The End Of The Sarah Palin Fanboys (And Girls)?
Howard Kurtz notes that the Sarah Pain media phenomenon appears to be over and done with:
There was a sense of celebration in the air when Fox News struck a $3 million deal with Sarah Palin, beating out a slew of networks, syndicators, and even Hollywood studios for the services of the hottest phenomenon on the political landscape. But 16 months after network chief Roger Ailes closed the deal in a meeting with Palin and her husband, Todd, the excitement has cooled. Palin’s regular appearances as a commentator no longer move the ratings needle without a promotional push. Palin was supposed to host prime-time specials dubbed Real American Stories, but Fox insiders tell me the idea was shelved early on. The first one bombed, losing a chunk of its audience as the show progressed.
While Fox says it still values Palin, her relationship with the network treasured by red-state America has changed. Bill O’Reilly recently complained after a combative interview with her that she isn’t engaging on the issues. Even longtime cheerleader Glenn Beck told viewers she should have published a policy book: “It should have shown that, yes, she knows where Russia is.”
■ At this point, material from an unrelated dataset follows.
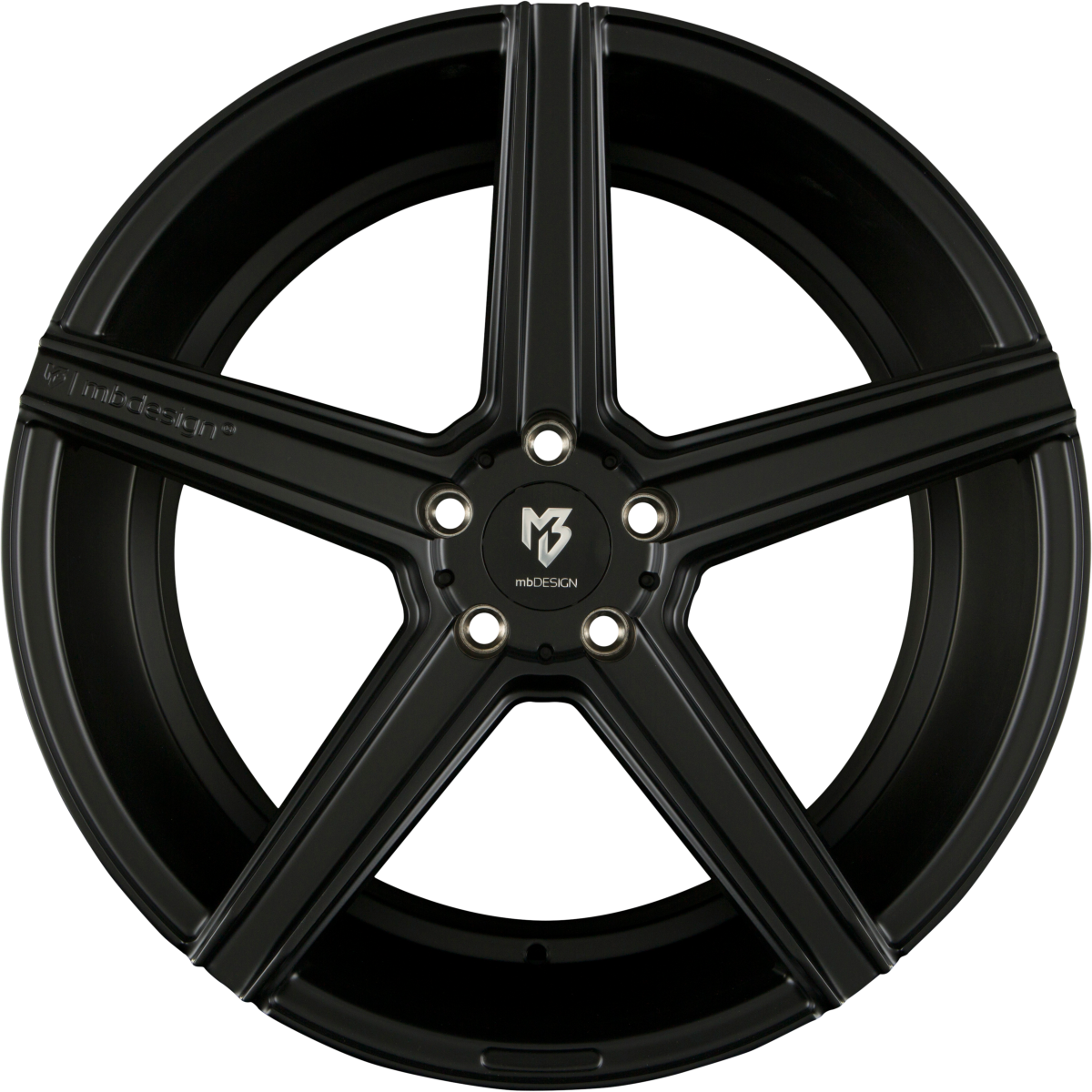 Mbdesign KV1 Schwarz Seidenmatt Alufelge 10.5x20 Zoll ET33 LK 5x112 ML75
When Palin appeared from Alaska last week in a pink windbreaker that matched her lipstick, she castigated Barack Obama for a “befuddling foreign policy” in Libya and indirectly defended the birthers as “curious Americans” who shouldn’t be depicted as crazy for challenging the president’s birth certificate. Once, such thunderbolts would have ignited crackling headlines. But Palin made news only with a parting jab at departing CBS anchor Katie Couric, underscoring her lingering anger over their contentious campaign interviews in 2008.
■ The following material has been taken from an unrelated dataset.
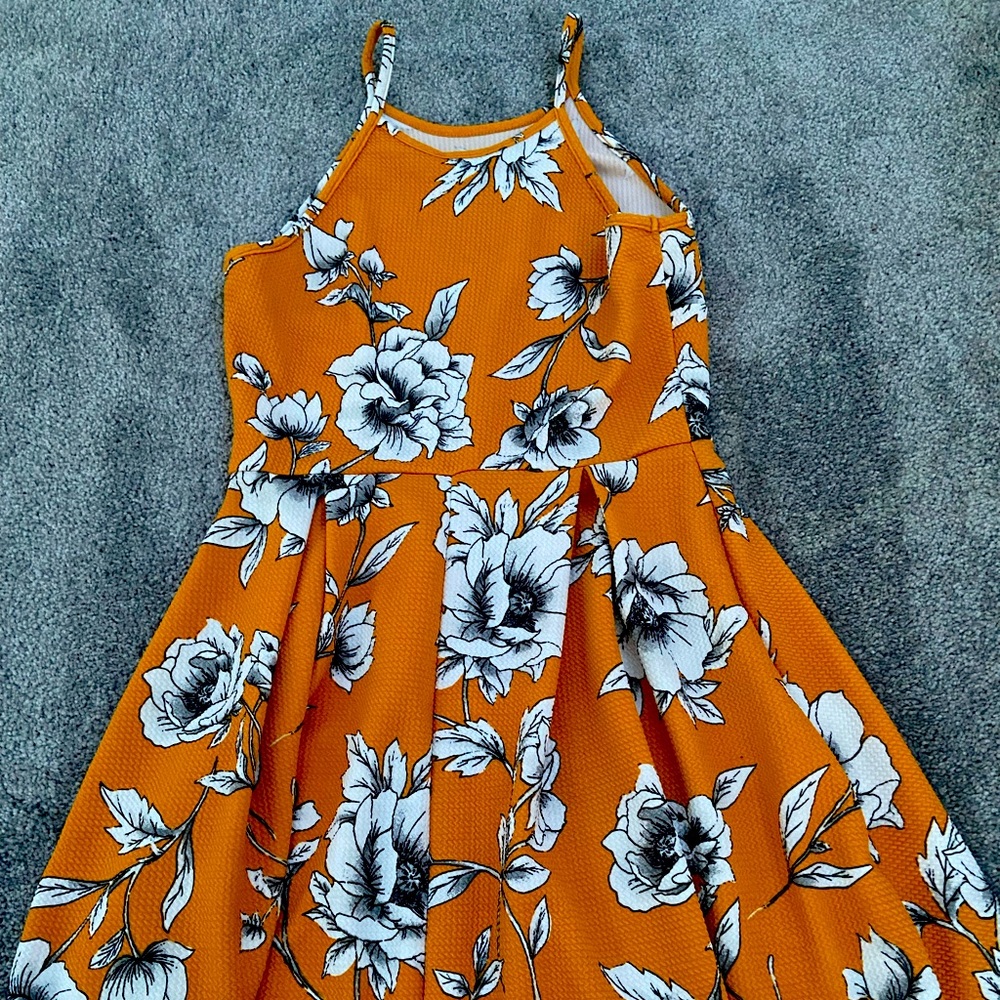 Yellow floral dress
Between February and April, according to an analysis for NEWSWEEK by General Sentiment, a company that tracks and measures online content, posts involving Palin fell 38.3 percent, to 235,032, over the past 30 days. Social-media mentions dropped in lockstep, down 32 percent over the same period, to 135,421. And the value of all that “free” media dropped roughly by half during this period, from $63 million to $33 million. While it would be foolish to count her out, it is hard to escape the conclusion that her influence has peaked. People close to Palin acknowledge that she has done virtually nothing to lay the groundwork for a campaign. But they don’t see her as toning things down, saying she is busy giving speeches (for as much as $100,000 a pop) and tending to her five kids and her grandchild.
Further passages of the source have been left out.